"Do 24 marca w okręgach gdańskim i gdyńskim rezygnację z członkostwa w Ruchu Palikota złożyło 5 osób, w tym Agnieszka Gądek - była pełnomocnik okręgu nr 25, która nie jest członkiem Ruchu od ponad miesiąca" - zapewnia w specjalnym komunikacie dyrektor Biura Prasowego Ruchu Palikota Małgorzaty Prokop-Paczkowskiej.
Tymczasem wspomniana Gądek dzień wcześniej przekonywała, że w Pomorskiem "na pewno do SLD przechodzi ok. 40 osób, a z partii odeszło ok. 100 osób". - Do SLD przechodzą m.in. Jerzy Tarasiewicz, Leszek Korzeniowski (były wiceprzewodniczący okręgu gdańskiego Ruchu Palikota), Mieczysław Nowak (szef sztabu wyborczego), Artur Grodziski (przewodniczący klubu Ruchu Palikota w Chojnicach) i Zbigniew Golonko (były szef klubu w Chojnicach) - wyliczała. - Przechodzimy do SLD, bo jesteśmy ideowcami i nie mogliśmy dalej realizować swoich lewicowych postulatów oraz budować nowoczesnej Polski w ramach struktur Ruchu Palikota - tłumaczyła Gądek. Lider SLD Leszek Miller przekonywał z kolei, że "od dłuższego czasu w całym kraju odbieramy sygnały, że część działaczy Ruchu Janusza Palikota chce wstępować do SLD". - To jest tendencja ogólnopolska a nie tylko pomorska a my serdecznie witamy każdego - dodał. I zapowiedział, że "w najbliższych miesiącach będzie coraz więcej osób przechodzących z Ruchu Palikota do SLD".
Sześcioro czołowych działaczy Ruchu Palikota w Pomorskiem opuściło w lutym partię w proteście przeciw nieuznaniu przez Zarząd Krajowy partii wyników wyborów zarządu okręgu Ruchu Palikota w Gdańsku.
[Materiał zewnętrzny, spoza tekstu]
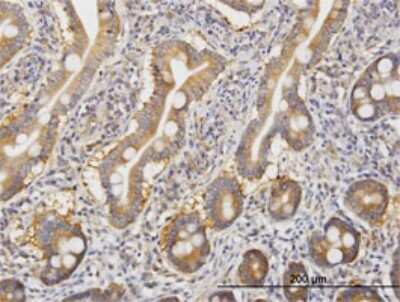 Immunohistochemistry-Paraffin: ROCK2 Antibody (1E12) [H00009475-M02]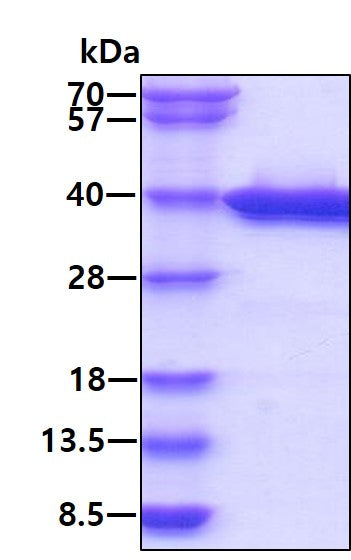 LGALS4 Human-SDS-PAGE - Product image 1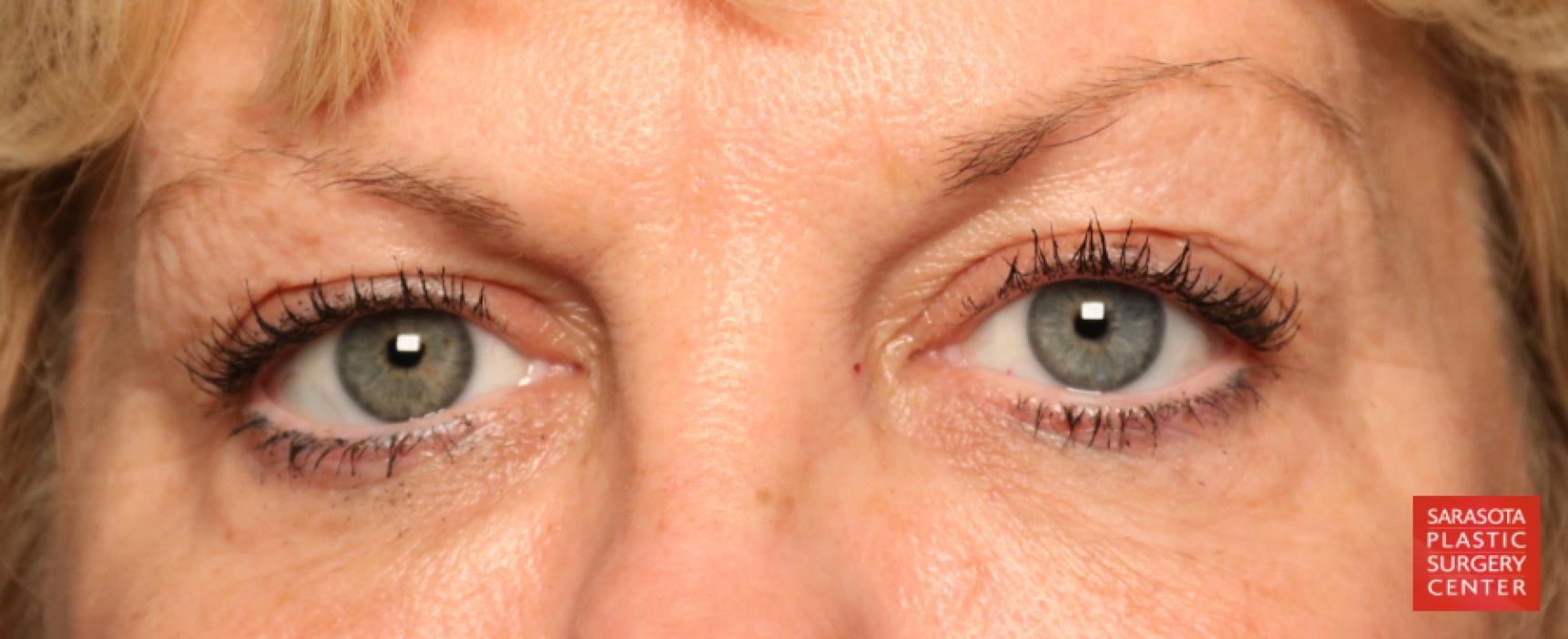 Blepharoplasty: Patient 19 - Before 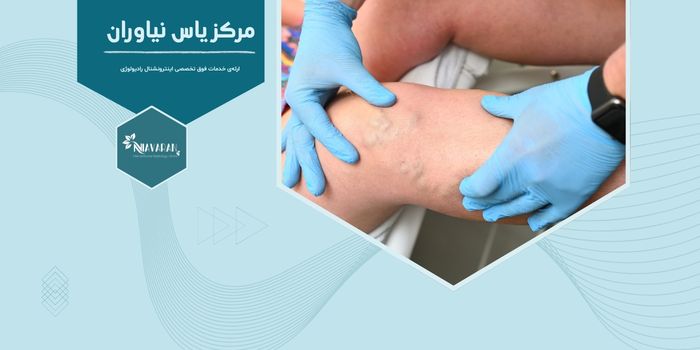 بعد از درمان واریس احتمال برگشت آن چقدر است؟ بعد از درمان واریس احتمال برگشت آن چقدر است؟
Styczniowe wybory zostały unieważnione po tym, jak grupa członków partii zgłosiła skargi dotyczące niepoinformowania ich o jego terminie.
Biuro Prasowe Ruchu Palikota dementuje jednak informacje o masowym odpływie działaczy z partii. "Od czasu konferencji SLD w Kaliszu (z 9 marca - red.), na której poinformowano opinię publiczną o przejściu 40 działaczy Ruchu Palikota do SLD, z Ruchu Palikota wystąpiły 4 osoby, w tym Łukasz Waniak, co do którego Zarząd partii podjął decyzję o wykreśleniu z rejestru członków" - podała Prokop-Paczkowska w komunikacie.